俺に仕事を積み上げといて、お嬢は今週ほとんど出勤しなかったくせに、グリーンベレー達と飲みに行く。
飲みに行くグリーンベレーもどうかしてる。
なんでデルタフォースの人間じゃない俺が残業して、当の本人がいなくなっちまうんだよ。
意味が分からない。
もう我慢の限界を超えた。
私はデルタフォースの、Y主任から話しかけられた。
Y主任「Milk。頑張ってるね!」
Milk「ええ。お嬢から仕事を押し付けられましたから。お嬢は飲みに行くんですよね?グリーンベレーと。」
Y主任の顔から血の気が引いていた・・・なんで知ってるんだって顔だった。
Y主任「う・・・うん。そう・・・みたいだね。」
Milk「なんで俺に仕事を押し付けて、あの人は帰るんですか?あの人は今週、ほとんど出勤してなかったですよね?体調不良ですよね?なんで飲みに行くんですか?」
Y主任「いや・・・うん。Milkが怒るのはごもっともなんだけど・・・」
Milk「どうして、お嬢を誰も止めないんですか?おかしいですよね?もう組織として成り立ってないですよね?我々、ネイビーシールズは引き上げてもいいんですよ?困るのは、そっちの方だ。なんで、デルタフォースの崩壊に我々を巻き込むんですか?我々は次の案件が待ってるんですよ?ネイビーシールズのPG集団も、そのために雇ってるんだ。デルタフォースの支援のために雇ってるんじゃない。本気で、この案件を収束させる気があるんですか?はっきり言って、私は何も納得がいってないんですよ!」
この怒りは収まらなかった。
しかし、不毛なやり取りだ。そんなことしてる暇があったら、仕事を終わらそう。
そう思った。
Y主任は、ほっとしたのか、さっと居なくなった。
課長が通りかかった。お嬢を探しているらしかった。お嬢は飲みに帰りましたよ?って言ってやった。
課長も流石に怒ったらしい。
そして、課長は私に愚痴を言い始めた。
私は、「課長も頑張ってますね。苦労がありますよね。」って言いながら、課長の長話を聞くことになった。

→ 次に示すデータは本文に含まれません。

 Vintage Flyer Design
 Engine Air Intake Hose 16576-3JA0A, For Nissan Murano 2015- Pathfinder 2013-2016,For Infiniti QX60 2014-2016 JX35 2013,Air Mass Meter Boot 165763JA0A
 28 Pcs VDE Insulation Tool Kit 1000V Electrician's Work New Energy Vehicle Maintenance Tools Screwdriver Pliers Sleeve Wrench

もう、俺の怒りを受け止めてくれる人間はどこにも居なかった。
最後に
この案件は、社内でも有名な案件になっていてブラックリスト入りしており、赤字の流血具合が尋常じゃない状態だった。
○○PJと言えば、誰もが「あぁ・・・」って顔をした。
この後も、デルタフォースがある程度安定し、何とか自分たちで動けるようになるまで面倒は見た。

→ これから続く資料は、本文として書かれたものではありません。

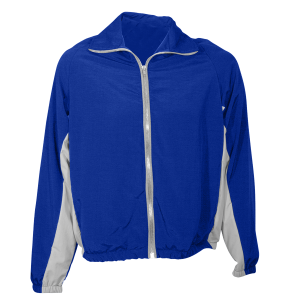 ADULT  WARM UP JACKET - Royal Blue, M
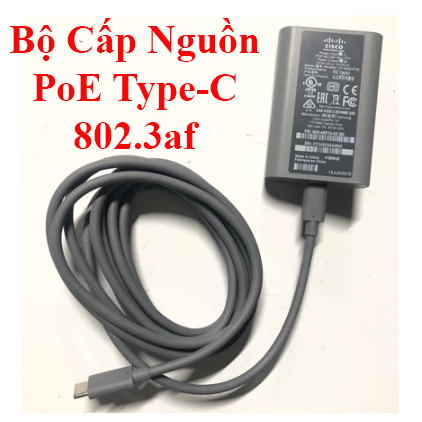 Bộ Cấp Nguồn PoE Type-C 802.3af – Injector Gigabit Cấp Điện USB‑C Cho Camera, Router, Thiết Bị Mạng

しかし、この頃から私は猛烈な吐き気をもよおすようになる。
精神が限界にすり減っていた。
各部隊の橋渡しをし、緩衝材になりながら、デルタフォースを立て直す。これに私の全ての体力と神経は摩耗された。
タバコもだいたいこのぐらいから吸えなくなった。
吸うと吐き気が倍増したからだ。
本当は、もっと滅茶苦茶なことが沢山あった。
たぶん思い出せないだけで、この倍ぐらいは意味不明な状況が起きていたと思う。
私自身も、毎日何をしているのか分からなくなった日々だったからだ。
でも唯一救われたことがあった。
デルタフォースのPG集団で、仲良くしていた子がいた。例のラブライバーだ。あと沖縄出身の子もいた。

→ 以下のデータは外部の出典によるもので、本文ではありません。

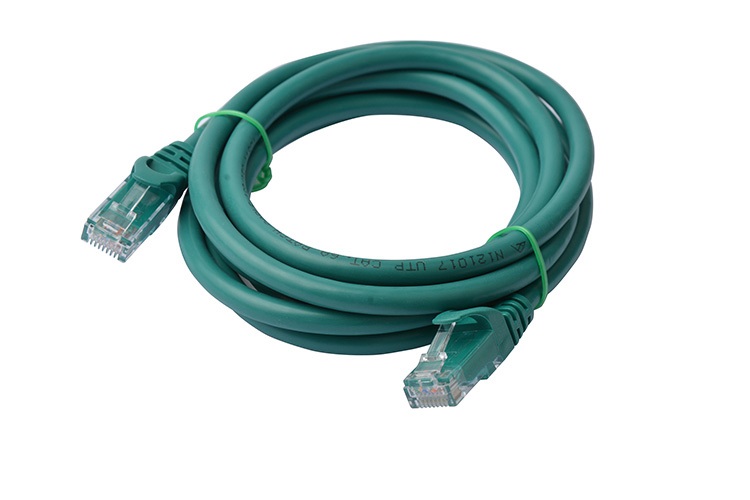 9341756013076 8Ware CAT6A Cable 2m - Green Color RJ45 Ethernet Network LAN UTP Patch Cord Snagless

彼らと仲良くしていたのだが、ある時「Milkさん!今度、打ち上げするんですよ。是非来て下さい!」と誘われた。
ありがとうと答えて、実際に行ってみると、それはデルタフォースのPG集団の打ち上げだった。
つまり、私の会社の人間は誰もいなかったのだ。場違いな空気がありありだった。
Milk「え?私がいてもいいんですか?」
リーダ「いいんですよ!Milkさんだから、いいんですって。是非一緒に食べましょうよ。」
私は背中を押されるような格好で、座席に着いた。
この時は嬉しかった。自分のことを、こんなにも慕ってくれていたのかと思うと涙が出そうだった。
ある時は、そのラブライバーの子からこんなことを言われた。
「僕はね。このPJはクソッタレだと思ってますけど、Milkさんに出会えた。それだけでも意味があったと思ってるんです。」
この言葉は、今でも私の救いの言葉になっている。